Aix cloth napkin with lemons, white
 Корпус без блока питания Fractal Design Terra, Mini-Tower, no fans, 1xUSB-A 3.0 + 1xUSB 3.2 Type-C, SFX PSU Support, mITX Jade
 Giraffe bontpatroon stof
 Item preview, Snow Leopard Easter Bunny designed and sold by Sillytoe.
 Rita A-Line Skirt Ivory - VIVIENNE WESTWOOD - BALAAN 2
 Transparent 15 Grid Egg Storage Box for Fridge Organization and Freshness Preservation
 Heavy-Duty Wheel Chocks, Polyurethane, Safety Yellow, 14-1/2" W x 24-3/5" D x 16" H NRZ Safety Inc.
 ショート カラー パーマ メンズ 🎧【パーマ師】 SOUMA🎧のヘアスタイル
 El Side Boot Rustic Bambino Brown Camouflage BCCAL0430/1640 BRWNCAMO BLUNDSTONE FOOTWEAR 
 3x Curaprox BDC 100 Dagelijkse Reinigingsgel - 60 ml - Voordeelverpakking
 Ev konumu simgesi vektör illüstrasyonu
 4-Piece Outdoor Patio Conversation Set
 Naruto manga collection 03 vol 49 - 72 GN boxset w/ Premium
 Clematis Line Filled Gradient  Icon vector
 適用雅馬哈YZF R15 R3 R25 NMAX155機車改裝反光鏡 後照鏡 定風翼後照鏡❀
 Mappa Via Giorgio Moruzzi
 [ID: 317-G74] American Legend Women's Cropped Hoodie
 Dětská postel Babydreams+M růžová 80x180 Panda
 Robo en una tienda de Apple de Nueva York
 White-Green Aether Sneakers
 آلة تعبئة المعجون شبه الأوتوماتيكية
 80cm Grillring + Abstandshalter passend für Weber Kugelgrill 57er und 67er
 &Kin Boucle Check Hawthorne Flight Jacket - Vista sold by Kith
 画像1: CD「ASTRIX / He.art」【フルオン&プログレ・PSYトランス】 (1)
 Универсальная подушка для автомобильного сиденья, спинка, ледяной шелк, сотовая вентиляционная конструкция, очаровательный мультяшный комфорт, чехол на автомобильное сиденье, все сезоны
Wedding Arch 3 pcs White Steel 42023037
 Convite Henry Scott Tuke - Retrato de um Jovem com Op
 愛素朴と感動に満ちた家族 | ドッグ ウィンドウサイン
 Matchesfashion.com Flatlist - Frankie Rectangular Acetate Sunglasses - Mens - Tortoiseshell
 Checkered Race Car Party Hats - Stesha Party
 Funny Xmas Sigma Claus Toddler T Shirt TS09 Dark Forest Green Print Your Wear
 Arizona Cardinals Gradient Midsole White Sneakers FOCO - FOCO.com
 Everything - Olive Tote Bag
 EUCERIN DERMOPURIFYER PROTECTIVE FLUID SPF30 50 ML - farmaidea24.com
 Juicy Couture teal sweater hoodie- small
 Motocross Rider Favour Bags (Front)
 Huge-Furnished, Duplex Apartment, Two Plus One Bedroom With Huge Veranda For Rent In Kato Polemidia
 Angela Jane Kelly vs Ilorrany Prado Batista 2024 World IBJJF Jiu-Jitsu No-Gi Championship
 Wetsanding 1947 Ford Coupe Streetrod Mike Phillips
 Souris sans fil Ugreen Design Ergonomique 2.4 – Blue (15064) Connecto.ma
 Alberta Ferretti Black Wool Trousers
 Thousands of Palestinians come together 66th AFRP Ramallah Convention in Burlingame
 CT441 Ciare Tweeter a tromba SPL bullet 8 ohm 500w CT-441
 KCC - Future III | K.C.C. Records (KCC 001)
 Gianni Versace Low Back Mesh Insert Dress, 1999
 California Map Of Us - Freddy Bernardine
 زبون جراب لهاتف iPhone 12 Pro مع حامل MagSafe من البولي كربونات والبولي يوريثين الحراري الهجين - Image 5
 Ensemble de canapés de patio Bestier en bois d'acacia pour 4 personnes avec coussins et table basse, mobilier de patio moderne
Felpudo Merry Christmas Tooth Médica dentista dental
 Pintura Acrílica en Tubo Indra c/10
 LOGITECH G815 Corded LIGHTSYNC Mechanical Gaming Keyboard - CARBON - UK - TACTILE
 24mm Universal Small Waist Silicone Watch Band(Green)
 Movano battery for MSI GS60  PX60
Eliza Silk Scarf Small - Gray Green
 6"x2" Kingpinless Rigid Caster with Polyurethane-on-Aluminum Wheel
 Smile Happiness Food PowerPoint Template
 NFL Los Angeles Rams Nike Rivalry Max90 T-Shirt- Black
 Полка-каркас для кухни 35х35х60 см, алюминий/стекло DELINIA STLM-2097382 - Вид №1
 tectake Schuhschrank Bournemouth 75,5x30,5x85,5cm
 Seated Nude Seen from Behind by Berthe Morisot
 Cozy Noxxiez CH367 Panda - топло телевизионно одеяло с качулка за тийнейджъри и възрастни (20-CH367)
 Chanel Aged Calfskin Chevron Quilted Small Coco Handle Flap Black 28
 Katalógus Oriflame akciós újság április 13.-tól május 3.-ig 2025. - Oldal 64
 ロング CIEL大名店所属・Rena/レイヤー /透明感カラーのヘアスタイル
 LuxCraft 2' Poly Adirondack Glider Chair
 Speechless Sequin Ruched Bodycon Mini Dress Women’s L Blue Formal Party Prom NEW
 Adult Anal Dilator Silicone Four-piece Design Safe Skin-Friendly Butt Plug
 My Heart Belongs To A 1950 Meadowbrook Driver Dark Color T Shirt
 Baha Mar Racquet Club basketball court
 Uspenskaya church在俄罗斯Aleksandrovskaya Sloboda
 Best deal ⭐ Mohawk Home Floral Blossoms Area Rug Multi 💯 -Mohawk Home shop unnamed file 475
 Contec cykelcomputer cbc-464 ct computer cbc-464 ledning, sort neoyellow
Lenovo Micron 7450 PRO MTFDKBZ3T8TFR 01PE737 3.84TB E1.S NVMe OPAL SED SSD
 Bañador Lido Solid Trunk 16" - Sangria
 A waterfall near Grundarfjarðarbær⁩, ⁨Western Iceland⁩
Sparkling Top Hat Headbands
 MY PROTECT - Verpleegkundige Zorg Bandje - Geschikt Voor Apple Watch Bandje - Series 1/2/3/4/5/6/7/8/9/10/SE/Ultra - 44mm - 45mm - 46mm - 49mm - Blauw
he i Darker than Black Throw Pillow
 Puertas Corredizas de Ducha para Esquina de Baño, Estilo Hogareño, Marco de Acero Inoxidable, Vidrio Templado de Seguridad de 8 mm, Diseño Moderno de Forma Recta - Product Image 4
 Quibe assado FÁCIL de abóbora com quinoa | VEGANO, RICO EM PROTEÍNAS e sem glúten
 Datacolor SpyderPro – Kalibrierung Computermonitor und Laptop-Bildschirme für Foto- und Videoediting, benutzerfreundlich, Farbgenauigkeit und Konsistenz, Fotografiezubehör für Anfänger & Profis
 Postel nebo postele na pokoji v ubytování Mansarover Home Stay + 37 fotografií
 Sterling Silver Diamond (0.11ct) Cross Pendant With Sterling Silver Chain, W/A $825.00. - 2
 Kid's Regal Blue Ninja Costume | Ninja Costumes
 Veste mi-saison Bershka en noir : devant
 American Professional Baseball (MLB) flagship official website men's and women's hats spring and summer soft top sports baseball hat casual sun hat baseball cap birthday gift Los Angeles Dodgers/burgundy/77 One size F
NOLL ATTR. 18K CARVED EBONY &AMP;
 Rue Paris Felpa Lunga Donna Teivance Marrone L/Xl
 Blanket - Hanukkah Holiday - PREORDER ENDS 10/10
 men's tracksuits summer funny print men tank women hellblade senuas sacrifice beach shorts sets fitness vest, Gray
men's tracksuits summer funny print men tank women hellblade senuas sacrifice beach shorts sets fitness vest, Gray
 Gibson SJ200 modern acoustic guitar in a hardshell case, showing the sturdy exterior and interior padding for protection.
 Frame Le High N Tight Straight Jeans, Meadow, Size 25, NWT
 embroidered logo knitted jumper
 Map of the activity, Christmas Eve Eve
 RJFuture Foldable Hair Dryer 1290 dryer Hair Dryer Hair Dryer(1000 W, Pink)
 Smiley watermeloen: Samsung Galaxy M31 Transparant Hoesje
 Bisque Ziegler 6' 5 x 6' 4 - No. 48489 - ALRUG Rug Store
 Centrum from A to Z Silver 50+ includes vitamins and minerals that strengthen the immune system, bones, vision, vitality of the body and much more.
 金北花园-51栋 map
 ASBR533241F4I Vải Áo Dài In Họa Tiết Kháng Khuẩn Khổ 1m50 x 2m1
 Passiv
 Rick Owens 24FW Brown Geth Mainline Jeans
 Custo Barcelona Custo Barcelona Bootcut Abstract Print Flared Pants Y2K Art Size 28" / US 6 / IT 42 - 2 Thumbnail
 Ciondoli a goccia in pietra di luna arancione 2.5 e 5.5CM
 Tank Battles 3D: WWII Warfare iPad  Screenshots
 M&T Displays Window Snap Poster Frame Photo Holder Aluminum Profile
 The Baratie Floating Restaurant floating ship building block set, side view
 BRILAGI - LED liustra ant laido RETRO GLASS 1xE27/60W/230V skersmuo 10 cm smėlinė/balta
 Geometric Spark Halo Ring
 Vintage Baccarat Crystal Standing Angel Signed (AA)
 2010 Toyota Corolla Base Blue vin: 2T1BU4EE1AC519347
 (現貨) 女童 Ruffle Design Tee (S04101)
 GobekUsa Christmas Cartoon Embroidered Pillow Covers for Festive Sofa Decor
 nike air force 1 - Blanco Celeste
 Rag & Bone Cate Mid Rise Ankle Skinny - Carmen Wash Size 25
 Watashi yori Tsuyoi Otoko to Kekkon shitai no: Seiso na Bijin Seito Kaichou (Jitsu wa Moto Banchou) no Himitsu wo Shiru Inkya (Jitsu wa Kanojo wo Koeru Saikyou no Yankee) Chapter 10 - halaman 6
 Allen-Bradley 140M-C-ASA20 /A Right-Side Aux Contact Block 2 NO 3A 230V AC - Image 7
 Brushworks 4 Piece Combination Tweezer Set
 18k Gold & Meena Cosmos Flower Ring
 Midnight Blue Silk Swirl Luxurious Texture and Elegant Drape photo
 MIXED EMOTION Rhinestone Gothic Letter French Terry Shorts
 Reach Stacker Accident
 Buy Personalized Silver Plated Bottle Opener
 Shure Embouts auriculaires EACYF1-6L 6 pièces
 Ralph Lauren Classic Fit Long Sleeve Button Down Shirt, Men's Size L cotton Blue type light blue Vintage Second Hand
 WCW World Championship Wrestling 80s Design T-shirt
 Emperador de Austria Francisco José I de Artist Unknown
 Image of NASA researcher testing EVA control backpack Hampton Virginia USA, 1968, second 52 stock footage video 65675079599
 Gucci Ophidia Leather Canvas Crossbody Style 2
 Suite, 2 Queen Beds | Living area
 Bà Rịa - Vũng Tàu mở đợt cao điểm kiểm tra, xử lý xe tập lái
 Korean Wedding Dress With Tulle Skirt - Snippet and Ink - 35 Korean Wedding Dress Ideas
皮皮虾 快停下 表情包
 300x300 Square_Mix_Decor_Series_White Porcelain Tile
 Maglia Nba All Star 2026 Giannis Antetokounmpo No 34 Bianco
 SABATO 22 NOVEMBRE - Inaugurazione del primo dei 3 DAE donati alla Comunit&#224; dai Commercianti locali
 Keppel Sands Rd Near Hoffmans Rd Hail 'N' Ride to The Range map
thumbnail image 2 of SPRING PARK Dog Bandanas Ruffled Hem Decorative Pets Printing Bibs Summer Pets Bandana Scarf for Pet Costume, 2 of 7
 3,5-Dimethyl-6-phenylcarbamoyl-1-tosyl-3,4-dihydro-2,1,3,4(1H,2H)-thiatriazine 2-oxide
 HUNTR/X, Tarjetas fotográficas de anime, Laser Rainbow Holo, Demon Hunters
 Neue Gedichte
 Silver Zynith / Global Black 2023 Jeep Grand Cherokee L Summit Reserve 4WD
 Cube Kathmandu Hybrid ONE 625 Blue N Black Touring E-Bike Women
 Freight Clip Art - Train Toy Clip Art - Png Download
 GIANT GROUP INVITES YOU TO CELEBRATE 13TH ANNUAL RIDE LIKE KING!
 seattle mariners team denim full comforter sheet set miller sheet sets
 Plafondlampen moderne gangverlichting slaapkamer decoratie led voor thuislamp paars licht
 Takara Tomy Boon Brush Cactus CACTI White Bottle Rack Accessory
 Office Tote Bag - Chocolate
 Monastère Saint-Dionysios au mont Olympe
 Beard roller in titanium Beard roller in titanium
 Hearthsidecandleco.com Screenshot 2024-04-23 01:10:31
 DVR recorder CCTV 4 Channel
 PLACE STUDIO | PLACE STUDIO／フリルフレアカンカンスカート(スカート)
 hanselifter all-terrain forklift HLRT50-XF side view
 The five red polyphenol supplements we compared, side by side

- - -

# Action item
Take the listing from its first line to the line containing "Transparent 15 Grid". Reproduce those lines exactly and nothing else.

# Expected answer
Aix cloth napkin with lemons, white
 Корпус без блока питания Fractal Design Terra, Mini-Tower, no fans, 1xUSB-A 3.0 + 1xUSB 3.2 Type-C, SFX PSU Support, mITX Jade
 Giraffe bontpatroon stof
 Item preview, Snow Leopard Easter Bunny designed and sold by Sillytoe.
 Rita A-Line Skirt Ivory - VIVIENNE WESTWOOD - BALAAN 2
 Transparent 15 Grid Egg Storage Box for Fridge Organization and Freshness Preservation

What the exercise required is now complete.